##### DATASET RECORDS #####

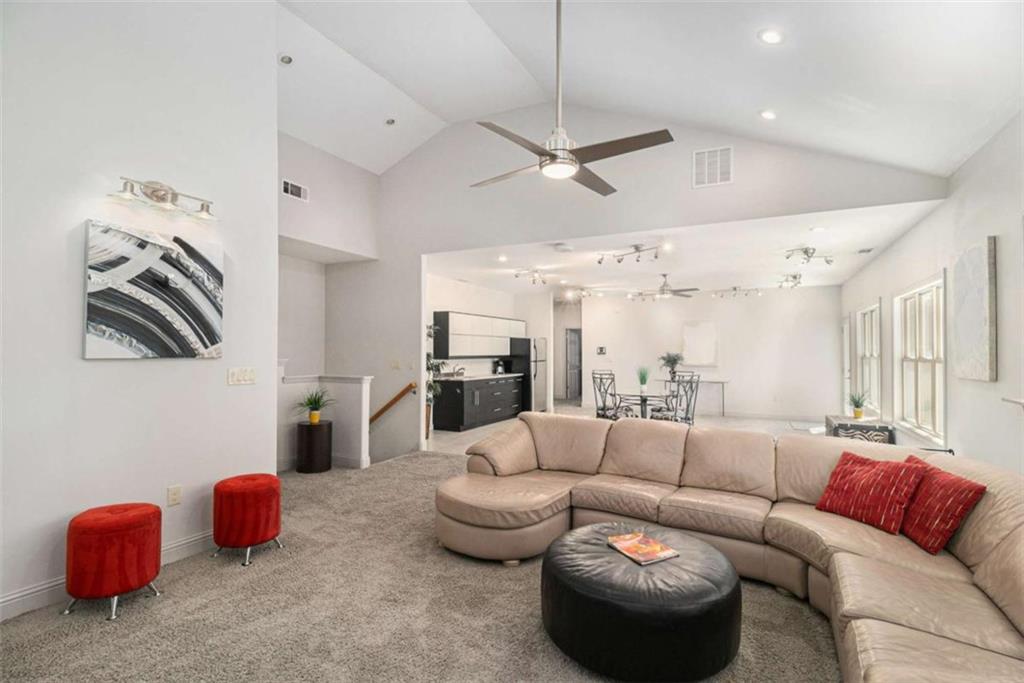 2994 E Ramble Lane E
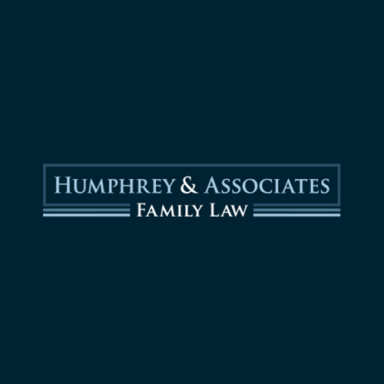 Humphrey & Associates logo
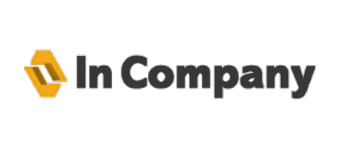 incompany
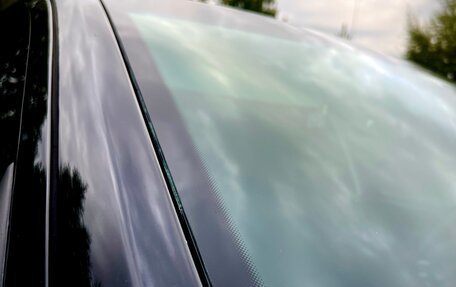 Skoda Octavia, 2011 год, 645 000 рублей, 20 фотография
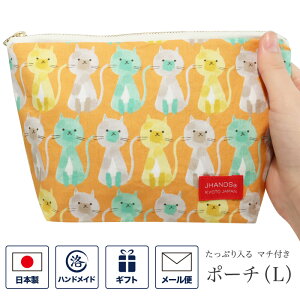 }`t |[` iLj CATS L ˂ Lbg t@Xi[t  σ|[` CN|[` ANZT[P[X Tj^[|[`  z RpNg ϕi { Aj} 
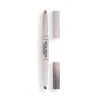 Makeup Revolution Precise Contour And Highlight (various Shades) - Dark In Dark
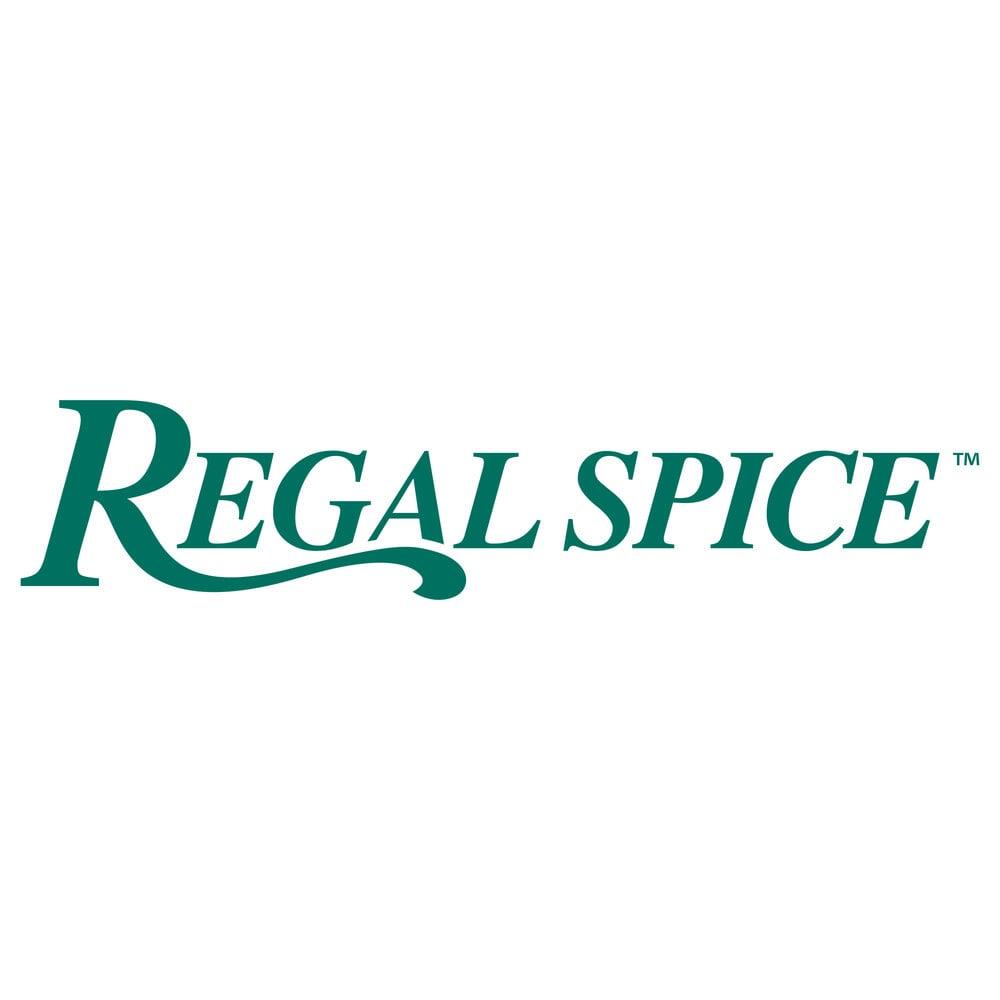 Regal Arrowroot Powder - 5 lb.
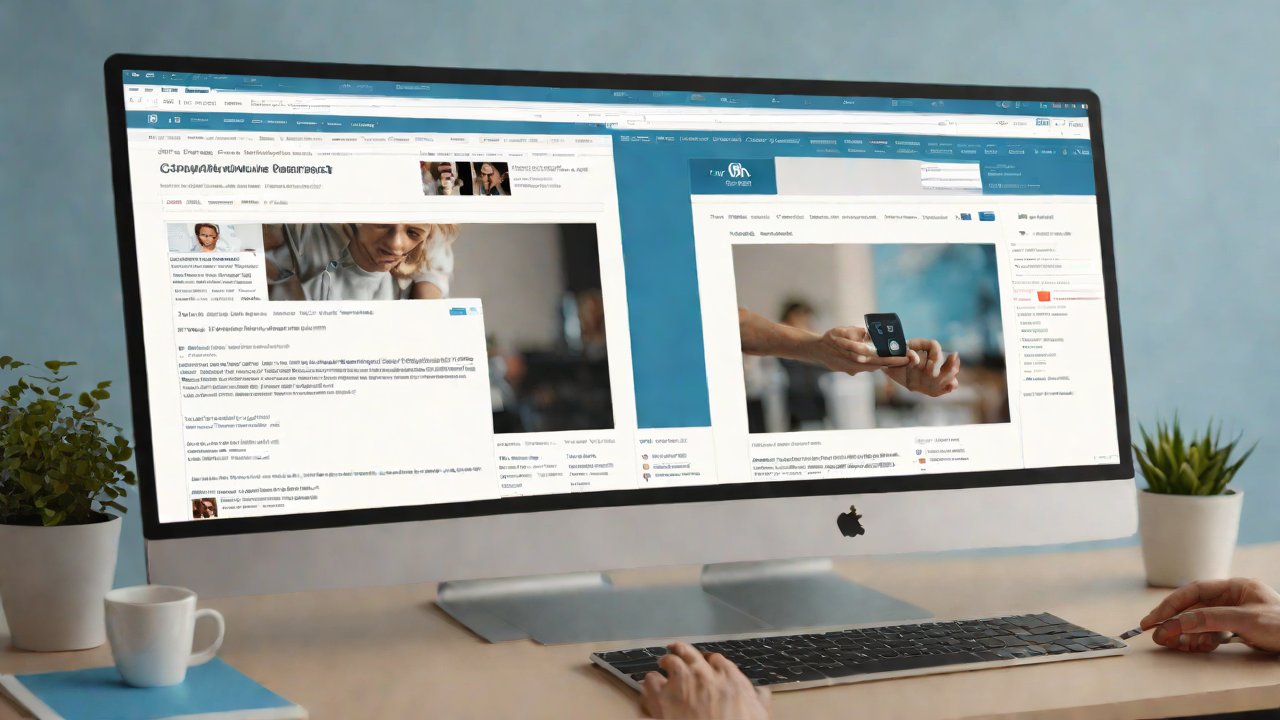 理解社交媒体预览图的重要性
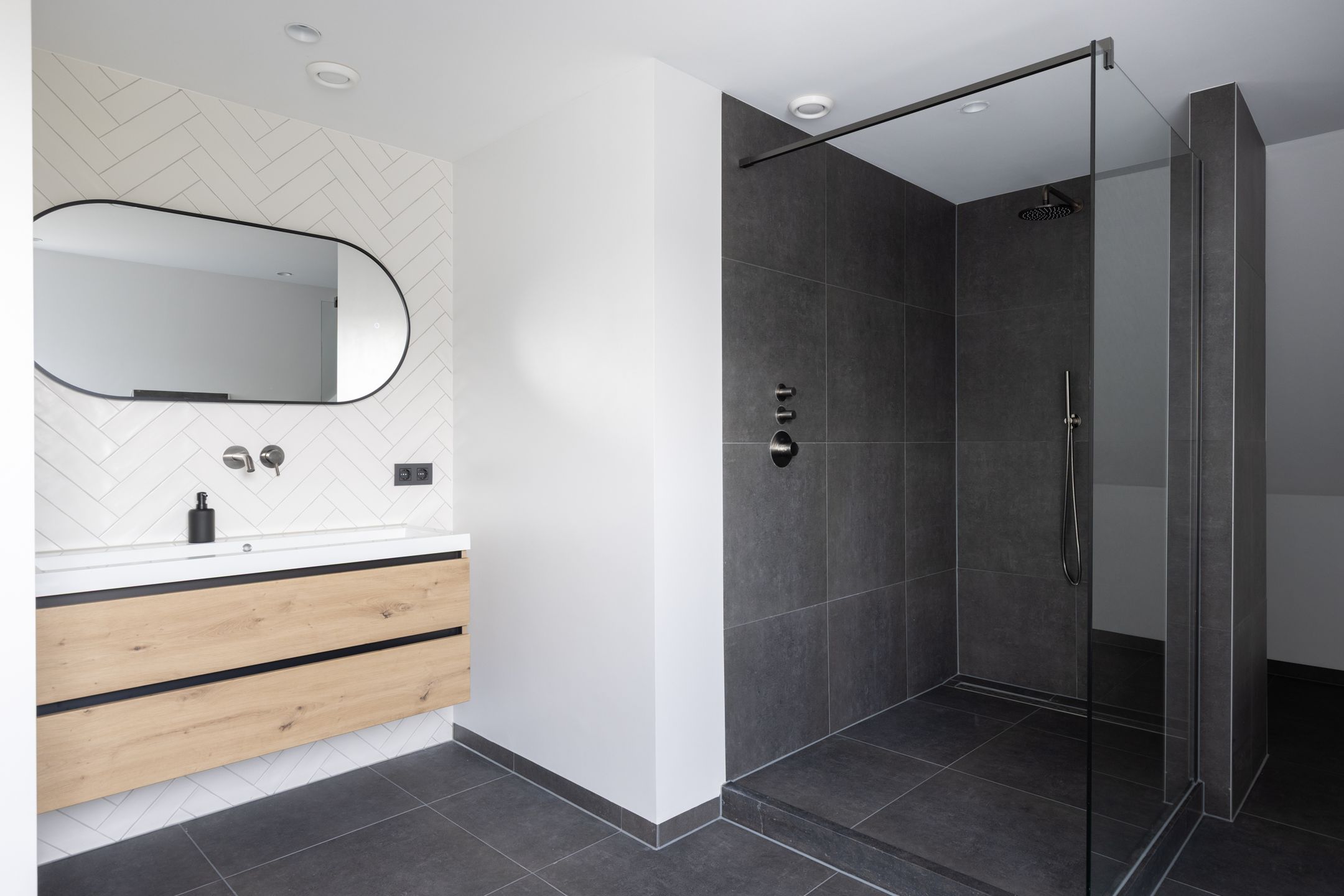 Foto 63 van Gilzeweg 22-A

#####

Please give back the data above word for word, with no pictures included.

[EXPECTED ANSWER]:
 2994 E Ramble Lane E
 Humphrey & Associates logo
 incompany
 Skoda Octavia, 2011 год, 645 000 рублей, 20 фотография
 }`t |[` iLj CATS L ˂ Lbg t@Xi[t  σ|[` CN|[` ANZT[P[X Tj^[|[`  z RpNg ϕi { Aj} 
 Makeup Revolution Precise Contour And Highlight (various Shades) - Dark In Dark
 Regal Arrowroot Powder - 5 lb.
 理解社交媒体预览图的重要性
 Foto 63 van Gilzeweg 22-A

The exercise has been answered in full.